- [WHAT THE TASK ASKS]: Exactly and only the lines below from the one containing "الاحتلال يفرج عن" down to the one containing "SKODA Karoq YW53657" are wanted, both included; please exclude every picture.

- [DATA IN THIS EXERCISE]:

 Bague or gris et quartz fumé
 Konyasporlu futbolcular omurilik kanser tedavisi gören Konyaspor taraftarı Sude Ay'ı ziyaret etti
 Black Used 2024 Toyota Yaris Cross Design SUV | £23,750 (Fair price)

--

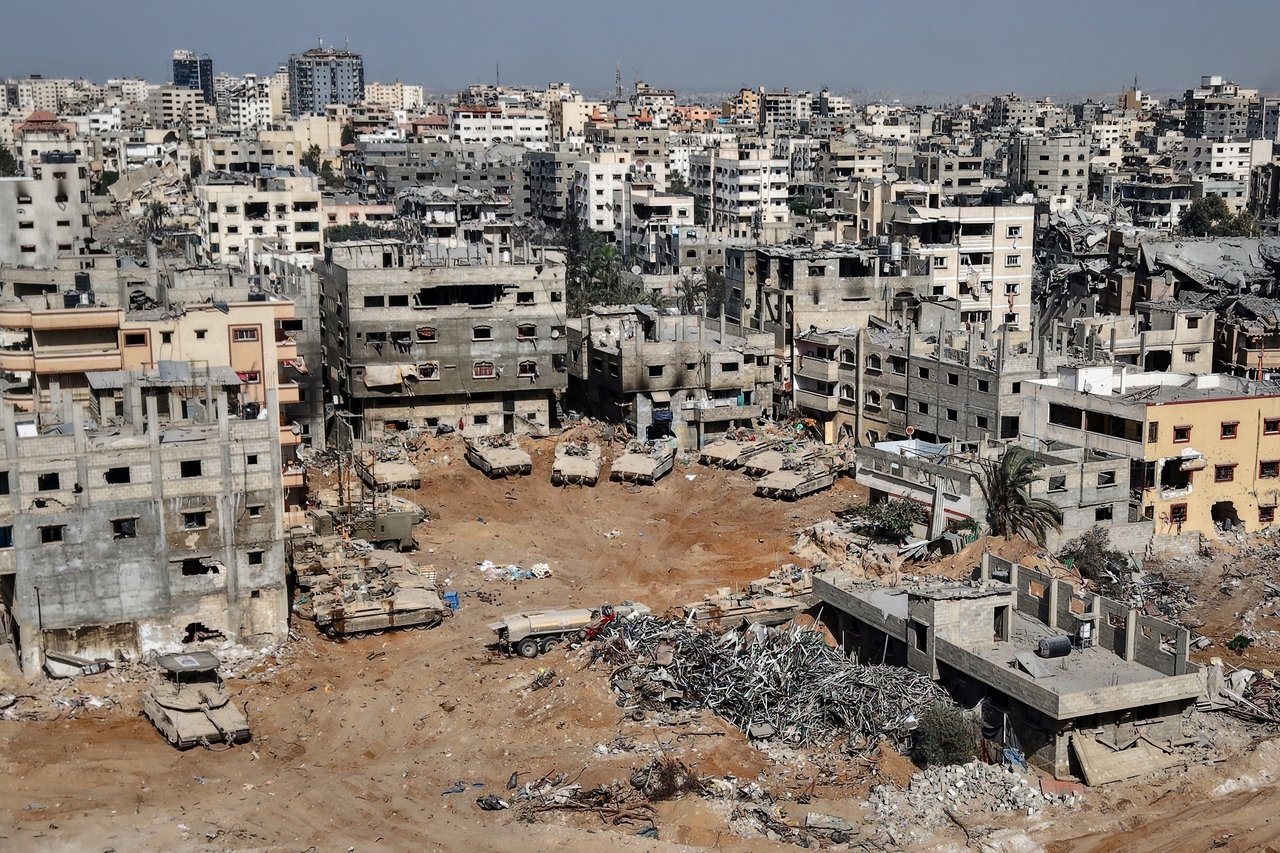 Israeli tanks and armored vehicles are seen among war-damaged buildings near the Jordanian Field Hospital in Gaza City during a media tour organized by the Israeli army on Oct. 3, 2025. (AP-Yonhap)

* * *

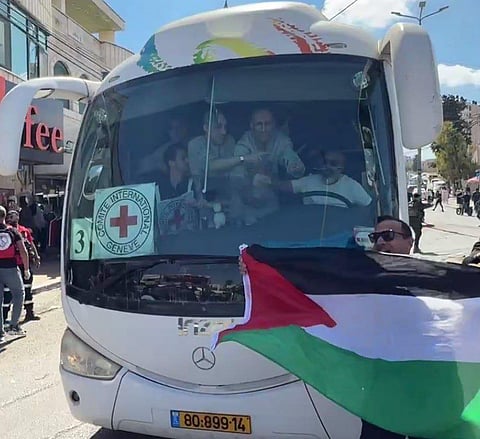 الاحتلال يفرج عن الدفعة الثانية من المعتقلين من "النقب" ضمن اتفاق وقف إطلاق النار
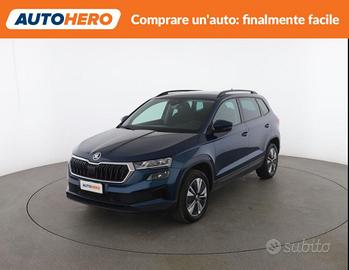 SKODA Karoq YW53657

- [EXERCISE RESPONSE]:
 الاحتلال يفرج عن الدفعة الثانية من المعتقلين من "النقب" ضمن اتفاق وقف إطلاق النار
 SKODA Karoq YW53657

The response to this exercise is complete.